Her competitive nature drove her to break the record, spending two weeks repeatedly going up and down the rock to practice. On June 10 the women took what was supposed to be a last practice run. But they were making such great time they decided to push it.
They used a technique known as "short-fixing" — one person climbing ahead to hook up the rope, the second climbing directly up the rope with a locking hand tool. Other climbers let them pass. And when they reached the top and realized they had beaten the women's record by 23 minutes, they celebrated with a beer some hikers had carried up.
"It was great. It was awesome. We were elated and also relieved," she said.
"We don't have to climb The Nose again. We can if we want to, but we don't have to."
They may "have" to. The old women's record had stood for only eight months, and someone is bound to come along and break their new one. That's fine with Meiris. She thinks she can shave up to an hour off her time.

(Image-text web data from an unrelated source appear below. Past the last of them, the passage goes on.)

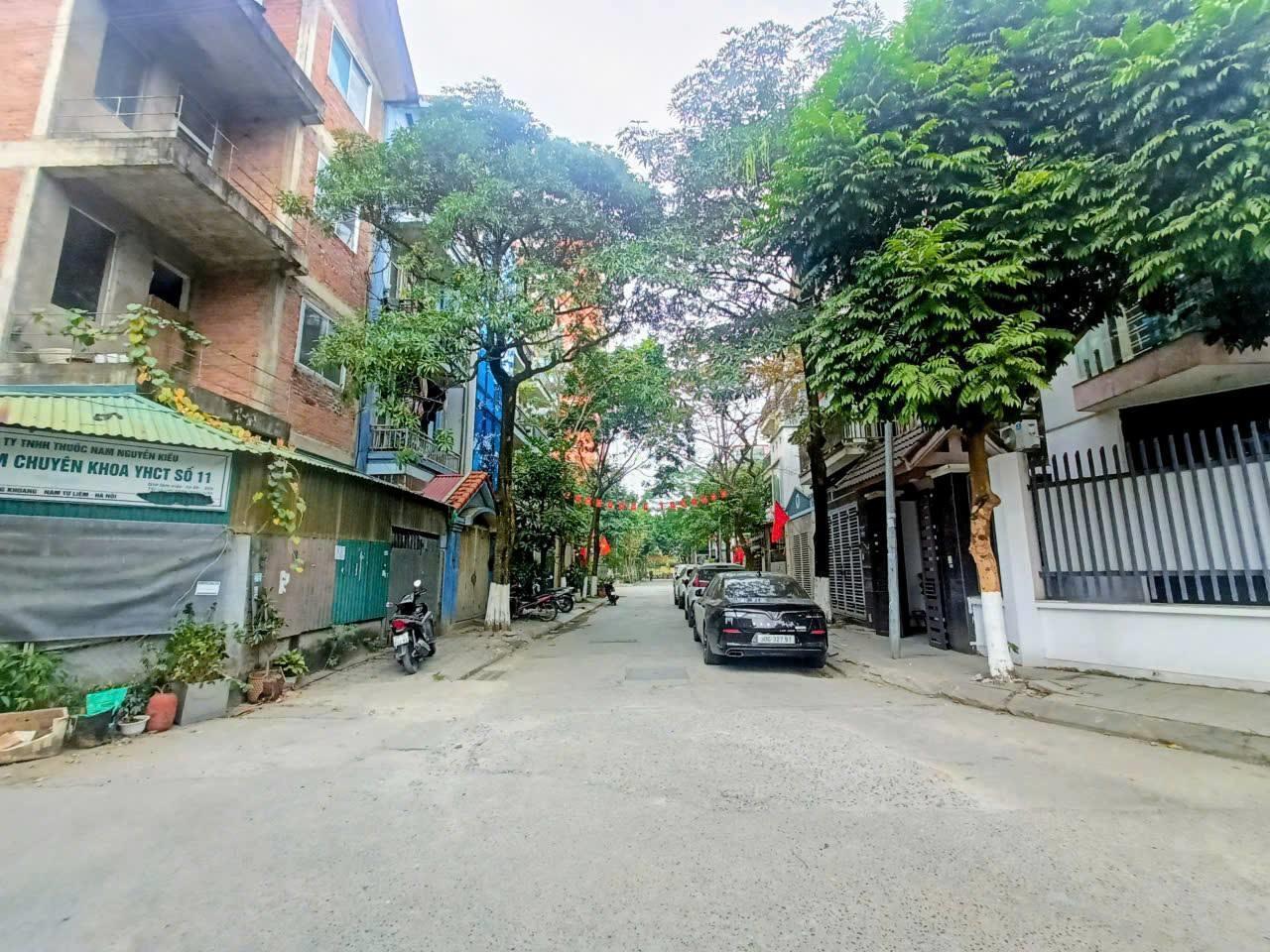 Chính chủ cần bán căn biệt thự liền kề Lô góc thoáng Khoang Phùng, đường nội khu rộng, vỉa hè thoáng, ô tô dừng đỗ thuận tiện, phù hợp khách hàng cần nhà để ở, làm văn phòng, kinh doanh hoặc đầu tư lâu dài.

Vị trí có lợi thế lớn về giao thông khi nằm gần các tuyến đường huyết mạch như: Lê Văn Lương, Tố Hữu, Nguyễn Trãi, giúp di chuyển thuận tiện đến các quận trung tâm như Thanh Xuân, Cầu Giấy, Hà Đông.
Ngoài ra, khu vực còn có hệ thống giao thông công cộng phát triển với tuyến BRT và đường sắt đô thị Cát Linh – Hà Đông, hỗ trợ việc đi lại của cư dân.

Diện tích sổ 114m2
Diện tích sử dụng khoảng 130m2
Nhà 4 tầng xây thô
Tầng 1: Gara + khách + bếp + kinh doanh
Tầng 2: 2 phòng ngủ
Tầng 3: 3 phòng ngủ
Tầng 4: Phòng thờ + sân phơi

Khu vực phát triển mạnh, Thanh khoản tốt

Bán biệt thự Phùng Khoang 130m2 nhà thô 4 tầng ô tô tránh vỉa hè rộng kinh doanh 32 tỷ thương lượng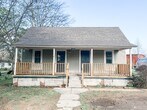 Primary Photo - 1614 S College St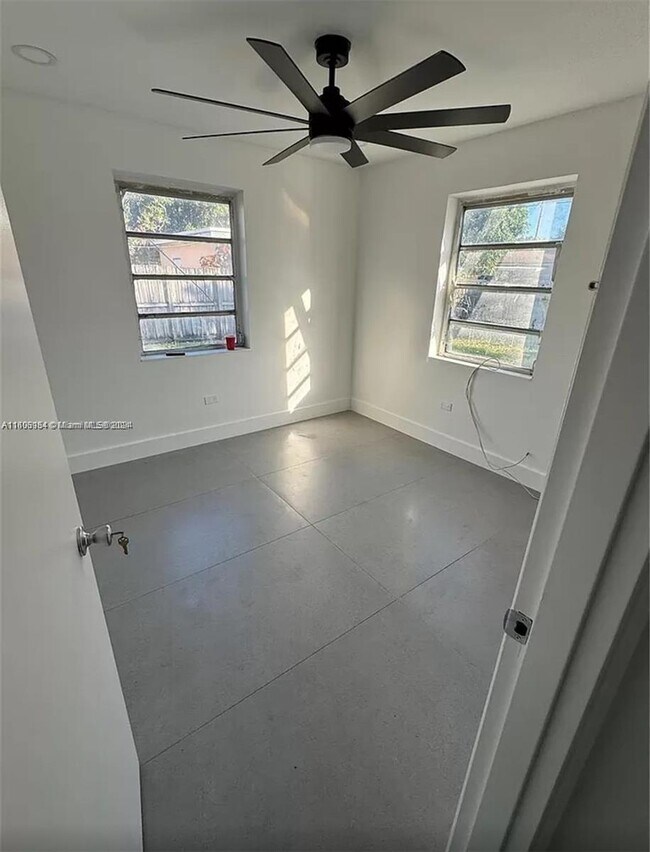 Foto del edificio - 2 bedroom in North miami FL 33168
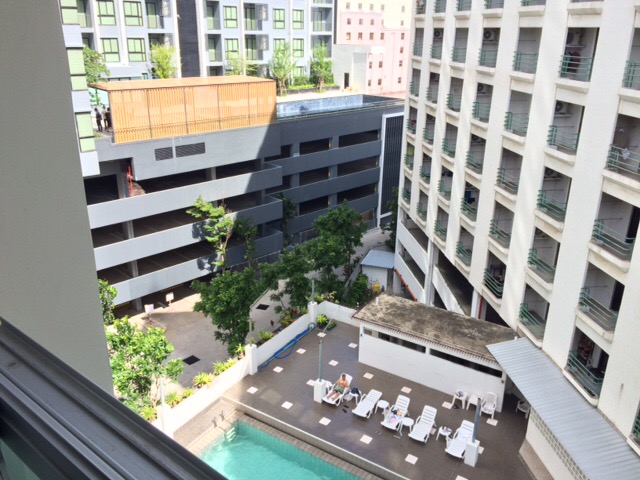 ขาย เดอะ คริส รัชดา 17 พร้อมเฟอร์และเครื่องใช้ไฟฟ้า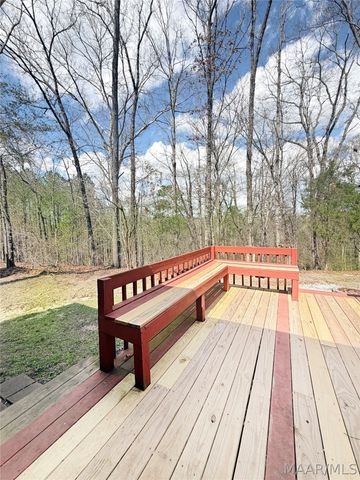 73 Reid Circle, Deatsville, AL 36022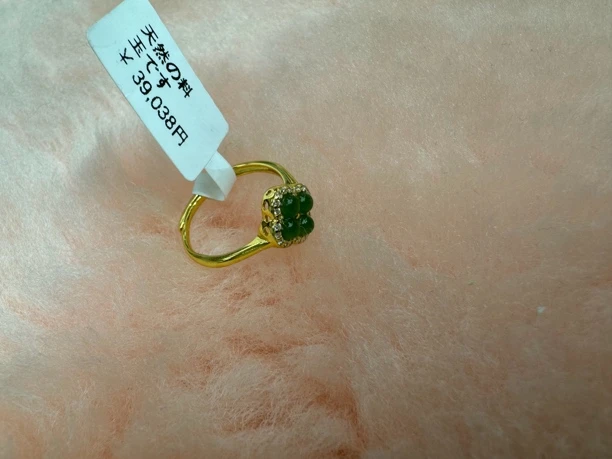 Z652和田玉戒子—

Not that she expects to come anywhere near the men's record of 2 hours and 45 minutes. Men take more risks, she said, and have been speed climbing The Nose for many more years.
Sigrid Meadows, who climbed the forbidding Montezuma's Tower in Colorado's Garden of the Gods with her daughter on a recent afternoon, said she watches Meiris with a sense of pride mingled with terror.
"It's amazing because I know what it takes to do these things. I am incredibly proud of her," said Meadows.
But, she added, "I had to go on Valium while she was doing The Nose."
Meiris is already eyeing the next challenge, which she will work into her seasonal routine of living in Colorado Springs in winter and "out of my car" in summer. She and Brett may try to become the first women to climb all the walls over 1,000 feet in the nation.
"Don't tell my mom, but this is only the beginning."